Single by Joyner Lucas and Chris Brown
- Released: February 25, 2018
- Genre: Hip hop; gangsta rap;
- Length: 3:40
- Label: Atlantic
- Songwriters: Gary Lucas, Jr.; Chris Brown;
- Producers: Jordon Manswell; Ye Ali;

Joyner Lucas singles chronology
| "Wrote My Way Out (Remix)" (2018) | "Stranger Things" (2018) | "Frozen" (2018) |

Chris Brown singles chronology
| "Love You Better" (2018) | "Stranger Things" (2018) | "Freaky Friday" (2018) |

Music video
- "Stranger Things" on YouTube

= Stranger Things (Joyner Lucas and Chris Brown song) =

2018 single by Joyner Lucas and Chris Brown

"Stranger Things" is a song by American rapper Joyner Lucas and American singer Chris Brown, released on February 25, 2018. The song was supposed to be the lead single from their upcoming collaborative mixtape Angels and Demons, but the project was never released.

==Background and composition==
On January 2, 2018, Brown posted a snippet of the song, saying that it was gonna feature Lucas and Ski Mask the Slump God. Later that month, Joyner Lucas revealed that he was recording music with Chris Brown on Twitter. "Stranger Things" was released on February 25, 2018.

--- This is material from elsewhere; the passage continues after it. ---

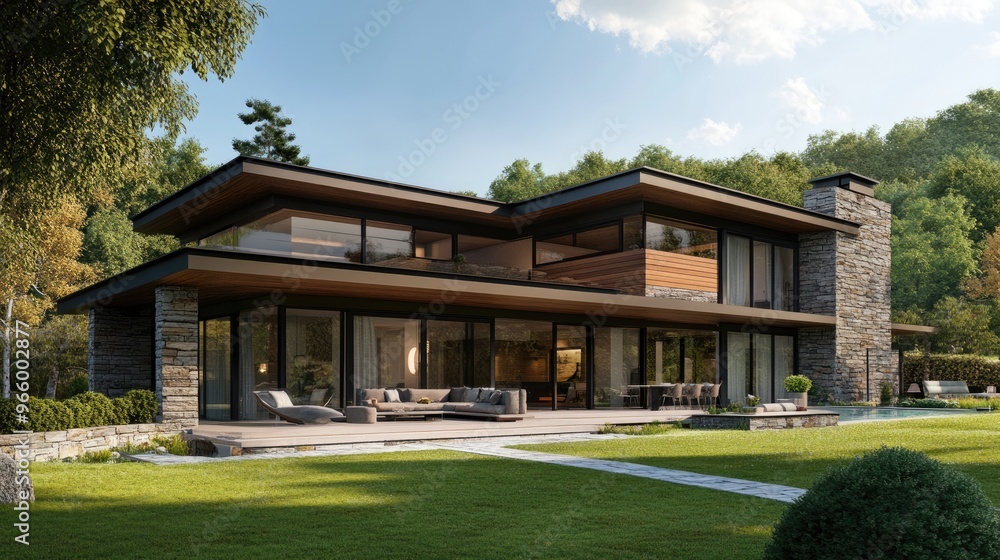3D visualization and design of a contemporary home structure 3D visualization and design of a contemporary home structure
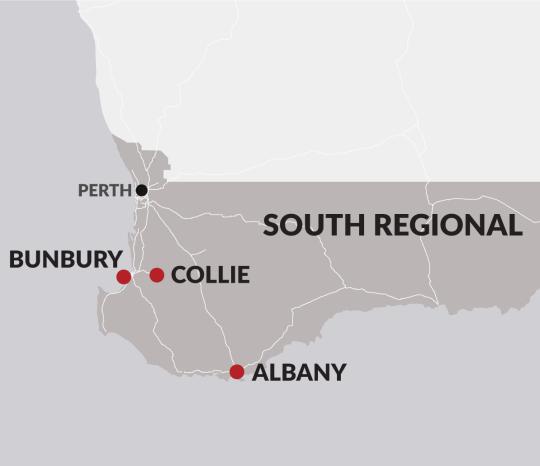 An illustrated map of the South regional area, showing Albany, Collie and Bunbury JSCs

The song is named after the TV series of the same name, and its production is based on a sample of its theme song. "Stranger Things" doesn't feature any chorus. Brown and Lucas alternate rap verses throughout the track, having various flow changes, with both voices coming together during the last part of the song.

==Music video==
The videoclip for the song was shot on January 22, 2018, and directed by Lucas himself along with Ben Proulx. The clip was released the same day of the song. During the music video Brown and Lucas are having a party in the back of a van in the streets of the suburbs of Los Angeles, until, due to the excessive noise, two policemen arrive, and, in a comical skit, one of the two recognizes Brown, understands the situation, and decides to not do anything.

In the videoclip Chris Brown wears his Heartbreak on a Full Moon chain, representing the album cover of his eighth studio album, released few months before "Stranger Things", depicting a bleeding heart over an "iced-out" moon.

==Charts==

| Chart (2018) | Peak position |
|---|---|
| Australia (ARIA) | 100 |
| Canada Hot 100 (Billboard) | 75 |
| US Billboard Hot 100 | 91 |
| US Hot R&B/Hip-Hop Songs (Billboard) | 46 |

==Certifications==

Certifications for "Stranger Things"
| Region | Certification | Certified units/sales |
| New Zealand (RMNZ) | Platinum | 30,000^{‡} |
| United States (RIAA) | Gold | 500,000^{‡} |
^{‡} Sales+streaming figures based on certification alone.